Plain c# classes executing much more slowly in standalone version than in Unity editor

Just wondering if anyone has any idea of what might be happening.

I've been working on a football game and I have a screen where the user can choose to simulate the week's games. When the user chooses to sim a game, I'm using my normal match engine, but I've disassociated all graphical elements - like a model/view/controller with no view - until the game is over and the results are being reported.

When the game is being simmed, there is nothing happening on screen. 99% of the logic is happening in non-GameObject C# classes. I have no game logic in Update() and related methods, no tweening happening. I'm doing this to get maximum speed and to detach game logic from the usual frames per second type throttling/calculations that go on in Unity.
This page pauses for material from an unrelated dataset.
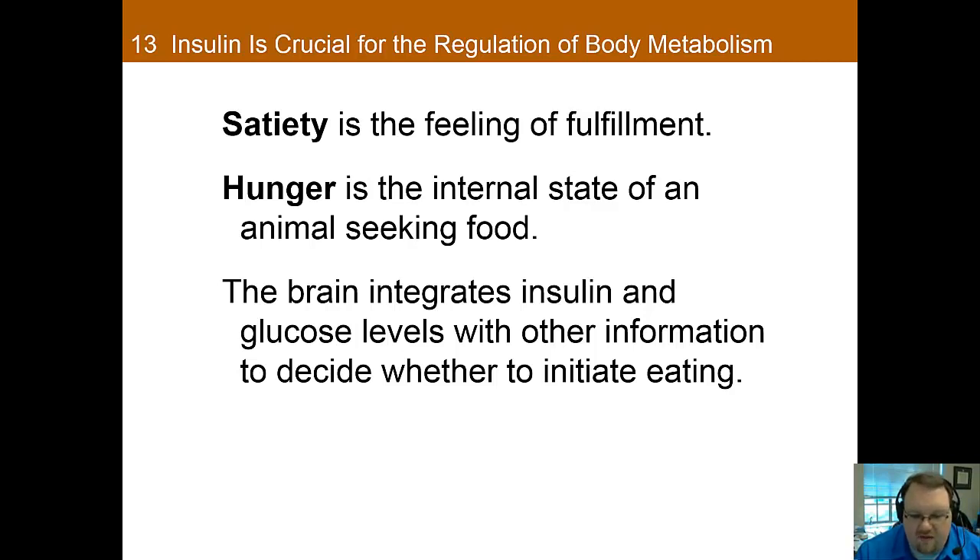Some have thought that insulin levels may serve as a signal of satiation. Lowering insulin levels in animals causes them to be hungry, and giving a moderate dose of insulin results in the animal eating less. However, when researchers tried giving a large dose of insulin, it led animals to eat more, not less — the opposite of what you'd expect. The explanation is that the large dose directed glucose into storage, leading to low blood sugar. Thus, low levels of glucose also appear to affect hunger and satiation.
When I execute in the Editor, I can simulate a football game in about 1 minute or 0.3 seconds per play. The same play can take 20 seconds to display when a player is playing the game out, so that part is working fine.
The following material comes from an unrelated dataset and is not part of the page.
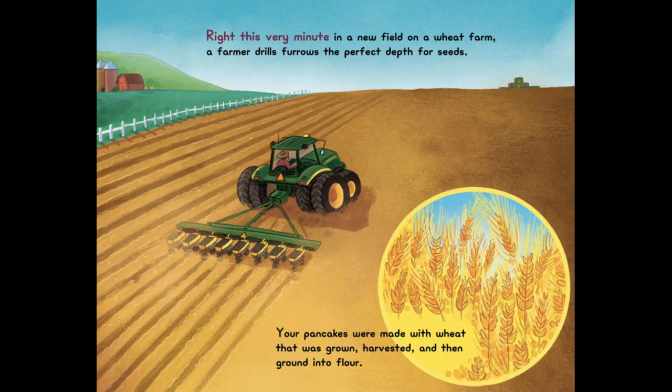Right This Very Minute, in a new field on a wheat farm, a farmer drills furrows the perfect depth for seeds. Your pancakes were made with wheat that was grown, harvested, and then ground into flour. Can you believe that your pancakes started looking like this?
I was pretty sure that building to a Windows executable and executing standalone would lead to better performance, but the exact opposite happened. Simulating games in my standalone build is taking about 2.5 minutes - almost 3X slower. I've tried 64 bit builds and it has had no effect whatsoever.

Has anyone else had a similar experience with an app that does more background calculations than on-screen animations? Maybe someone's tried to make a chess game or something with a long running AI in Unity and has seen this?

Are you using Mono or IL2CPP scripting backend? If you're using IL2CPP, is compiler configuration player settings by any chance set to Debug?

Everything's pretty much on default settings right now.
Scripting backend is set to Mono.

I'd suggest attaching a profiler and looking there at what's taking longer.

Thanks for helping.
I just experimented with trying a IL2CPP build rather than Mono (no debug flag and set for faster execution )and there was no effect on my simulation time - it's still up at 2.5 mins rather than the 1 min I get in the Editor. I'll follow up after I've checked things with the profiler.

I experimented briefly with the Unity profiler back in the 2019 Unity version and while there was lots of info returned, I was never really able to get any execution statistics for any of my own code. Just curious if I was missing something back then or whether that may have been a very early version of the profiling tools.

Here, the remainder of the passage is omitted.